Go to the line holding "Orange Indigenous Dragonfly" in the entries below and write out exactly every line down to and including the line holding "Preppy Crest konijn Baby Shower Uitnodiging".

*TASK INPUTS*:
'''
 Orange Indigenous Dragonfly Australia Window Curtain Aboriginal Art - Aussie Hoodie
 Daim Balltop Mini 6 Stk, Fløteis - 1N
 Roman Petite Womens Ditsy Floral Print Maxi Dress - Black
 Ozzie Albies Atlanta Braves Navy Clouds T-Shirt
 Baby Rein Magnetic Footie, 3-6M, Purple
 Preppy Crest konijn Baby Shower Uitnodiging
'''
'''
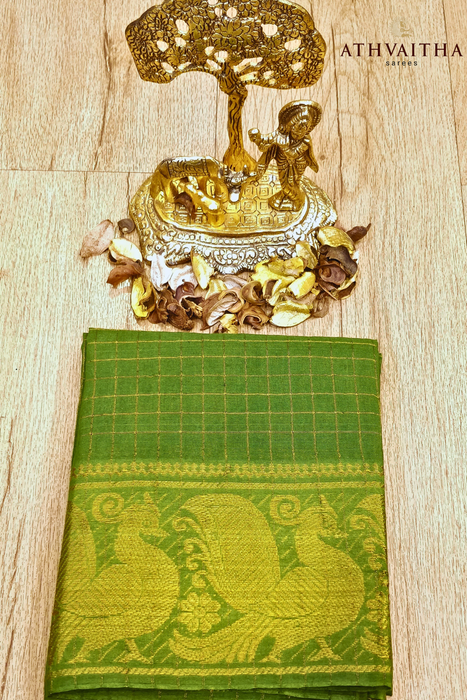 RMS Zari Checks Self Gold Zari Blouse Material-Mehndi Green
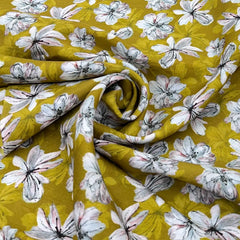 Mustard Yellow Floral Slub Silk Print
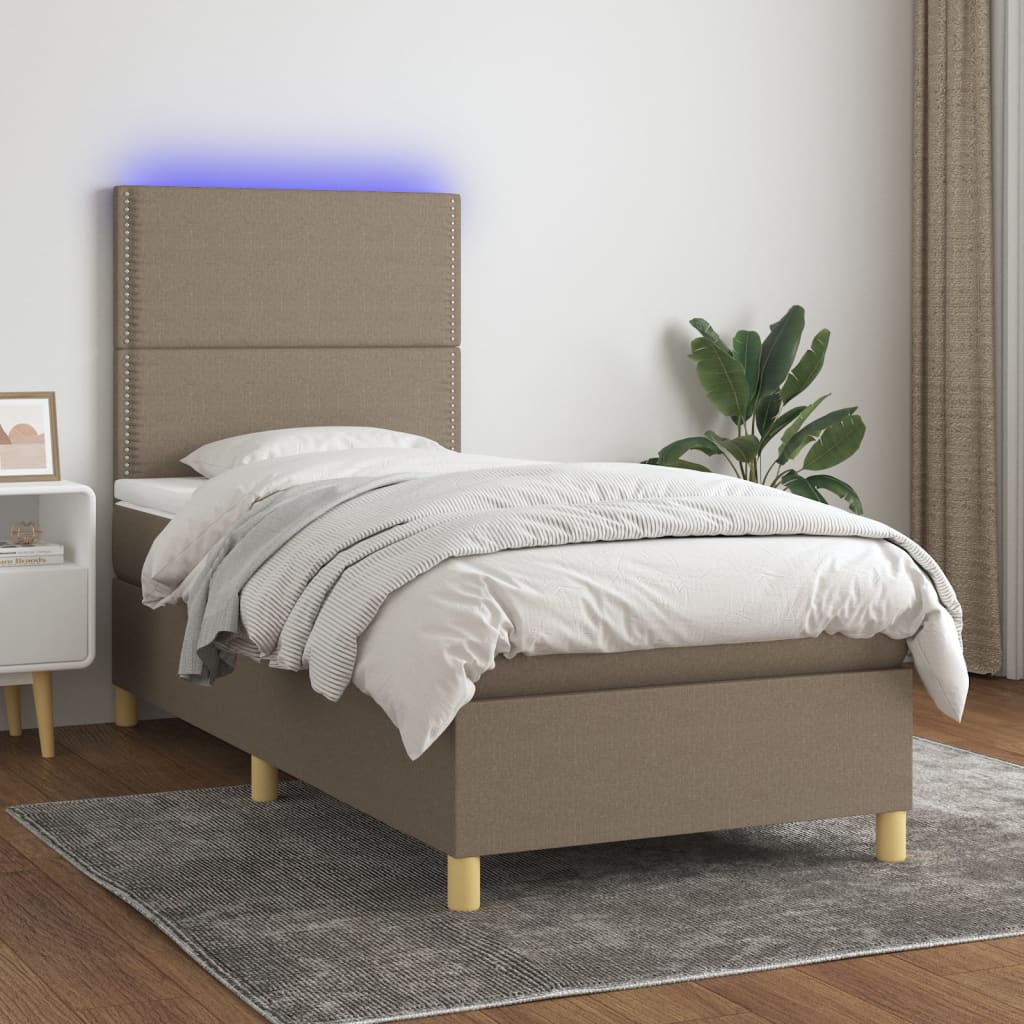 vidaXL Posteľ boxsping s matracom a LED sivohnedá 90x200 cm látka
'''
'''
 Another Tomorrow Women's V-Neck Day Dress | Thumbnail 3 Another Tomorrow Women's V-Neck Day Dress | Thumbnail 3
'''
*RESPONSE TO THE TASK*:
 Orange Indigenous Dragonfly Australia Window Curtain Aboriginal Art - Aussie Hoodie
 Daim Balltop Mini 6 Stk, Fløteis - 1N
 Roman Petite Womens Ditsy Floral Print Maxi Dress - Black
 Ozzie Albies Atlanta Braves Navy Clouds T-Shirt
 Baby Rein Magnetic Footie, 3-6M, Purple
 Preppy Crest konijn Baby Shower Uitnodiging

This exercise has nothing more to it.